The hospital’s CEO told the London Free Press that the hospital has a “special table” of various hospital groups that discuss the policy and its guidelines come from public health officials.

“Collective scientific evidence and individual protection of patients and staff are debated regularly,” Schleifer Taylor said. If a decision was made to change the vaccine requirements, she said that “it will be evidence-informed. There are a number of things at play.”

According to the Ontario Nurses Association (ONA), the province is short more than 24,000 nurses. The union has been grieving the mandatory vaccine policy. In October 2021, the ONA said it “supports education and addressing vaccine hesitancy, not penalizing and terminating nurses when we need them most. ONA also supports regular testing of employees as a measure that ensures safety of everyone, reassignment or other measures.”


In July 2022, two former LHSC employees filed separate wrongful dismissal lawsuits against the hospital, stating they were fired for refusing to get COVID shots. One of the workers was a 23-year employee working remotely from home as a support analyst, and was denied an exemption based on conscience and creed.

According to the law firm representing the woman, if an employer fires an employee for refusing COVID shots, they must provide a complete severance package to the staff member.

“What an employer can’t do is fire an employee ‘for cause’ if they fail to get vaccinated, as per the company’s policy. The company can’t use the failure to fully vaccinate against COVID-19 as a reason to dismiss someone, without compensation or the ability to collect Employment Insurance,” said Samfiru Tumarkin law firm in a statement. The firm said the employees seek a combined $700,000 in damages.
According to a report on Oct. 27, 2021, the hospital fired 84 staff, including nurses, for not complying with COVID shot mandates. Another LHSC nurse, Kristen Nagle, who worked in the neonatal intensive care unit, was fired with cause in January 2021, after speaking at an anti-lockdown rally in November 2020.

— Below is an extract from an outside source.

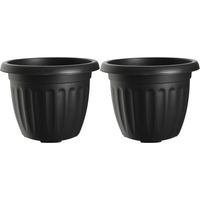 Buiten plantenpot/bloempot/planter - 2x - zwart - kunststof - D40 x H32 cm - thumbnail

At the time, the hospital said in a statement, “After initially learning of actions involving an NICU nurse at London Health Sciences Centre that were not aligned with LHSC’s values back in November, immediate action was taken to place her on an unpaid leave pending the results of an internal investigation.”

“While we are not able to address the specifics of the investigation, we can confirm that the nurse has been terminated with cause,” said the LHSC. “Safeguarding the health of our patients and their families, staff and physicians is of the utmost importance and remains our top priority.”

The hospital only loosened some of its pandemic-related restrictions in April of this year. The same month, LHSCH raised the overtime pay rate for nurses from time-and-a-half to double-time, because the hospital is short 500 nurses.

“It’s clear the COVID-19 pandemic has entered a new phase and it’s time for a new approach to masking for patients, staff, physicians and visitors,” Dr. Michael Payne, an LHSC medical director, said in a statement at the time. Due to vaccinations and herd immunity, “our masking guidelines can be relaxed.”